» What to work on
From the line with "Room 4 of 26" to the line with "Внедорожник / Кроссовер", retype every line exactly, including those two, and leave out the rest of the data below.
##### Data shown
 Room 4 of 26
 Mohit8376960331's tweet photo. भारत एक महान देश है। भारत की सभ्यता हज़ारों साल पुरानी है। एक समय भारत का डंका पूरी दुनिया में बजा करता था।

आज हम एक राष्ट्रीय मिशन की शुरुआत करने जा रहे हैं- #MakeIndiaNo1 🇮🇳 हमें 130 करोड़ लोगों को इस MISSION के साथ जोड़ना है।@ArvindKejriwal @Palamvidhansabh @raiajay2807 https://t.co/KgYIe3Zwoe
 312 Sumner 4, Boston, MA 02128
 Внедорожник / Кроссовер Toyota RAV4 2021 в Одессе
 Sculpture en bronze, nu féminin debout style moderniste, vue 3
##########
##### Data shown
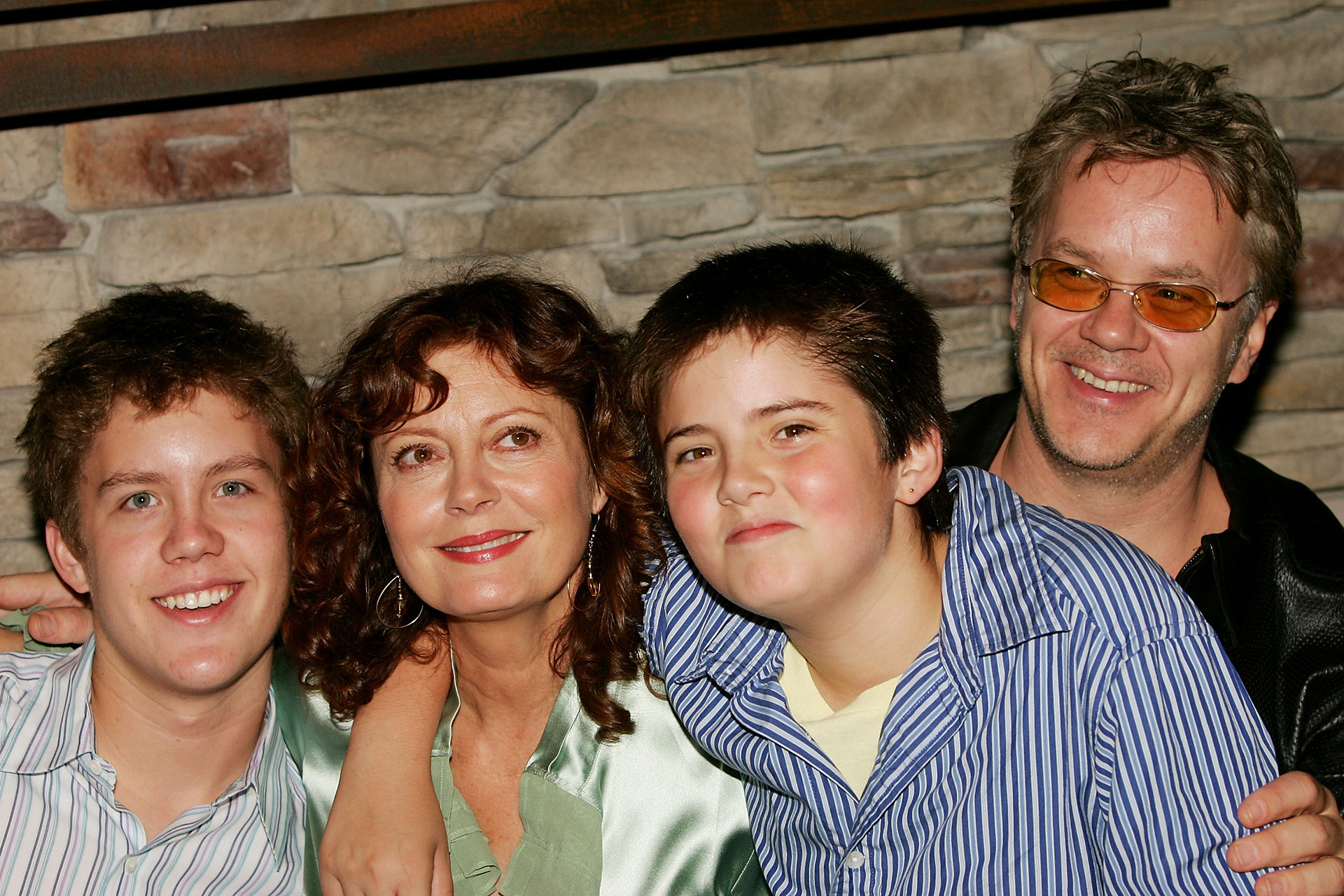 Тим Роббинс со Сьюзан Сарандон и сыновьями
##########
##### Data shown
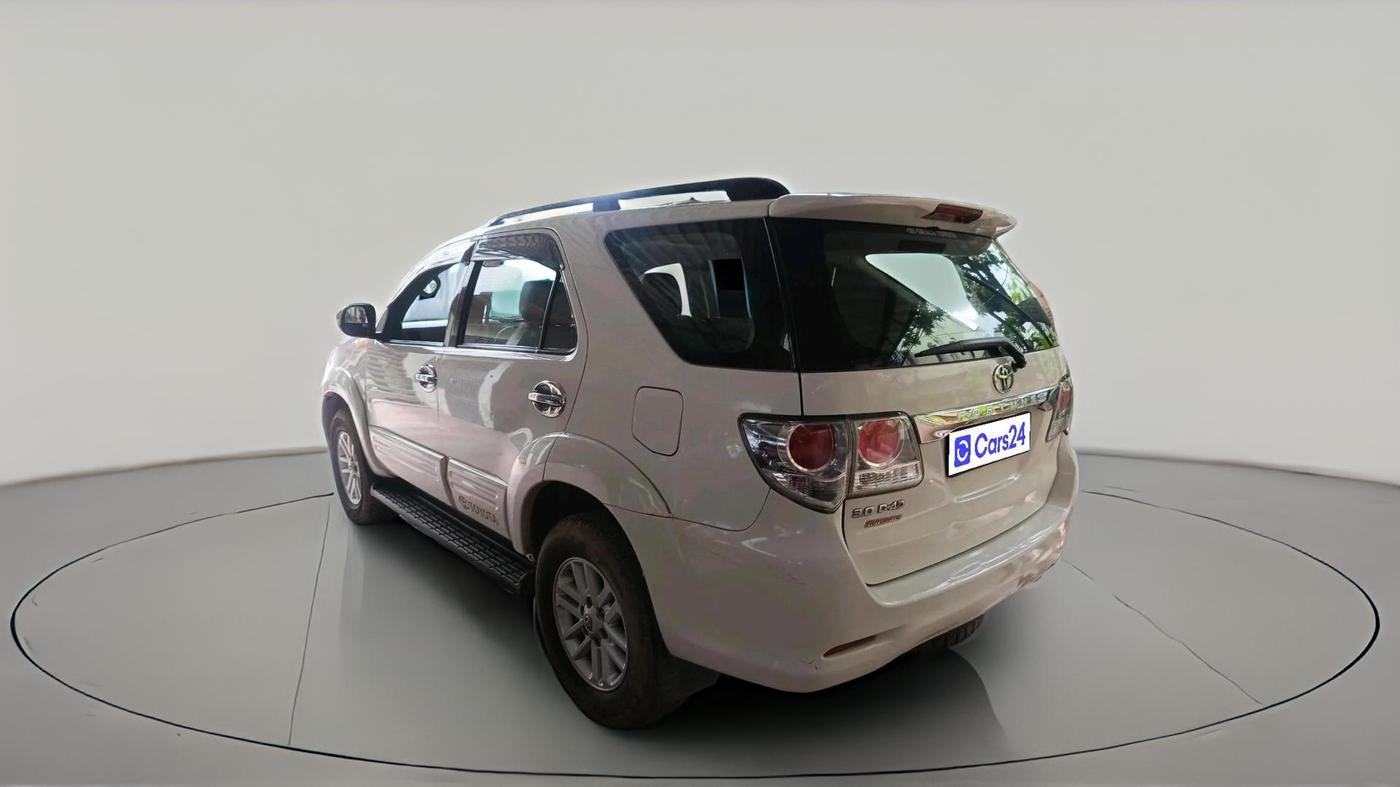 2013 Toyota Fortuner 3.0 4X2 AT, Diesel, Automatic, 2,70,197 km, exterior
##########
» Output of the task
 Room 4 of 26
 Mohit8376960331's tweet photo. भारत एक महान देश है। भारत की सभ्यता हज़ारों साल पुरानी है। एक समय भारत का डंका पूरी दुनिया में बजा करता था।

आज हम एक राष्ट्रीय मिशन की शुरुआत करने जा रहे हैं- #MakeIndiaNo1 🇮🇳 हमें 130 करोड़ लोगों को इस MISSION के साथ जोड़ना है।@ArvindKejriwal @Palamvidhansabh @raiajay2807 https://t.co/KgYIe3Zwoe
 312 Sumner 4, Boston, MA 02128
 Внедорожник / Кроссовер Toyota RAV4 2021 в Одессе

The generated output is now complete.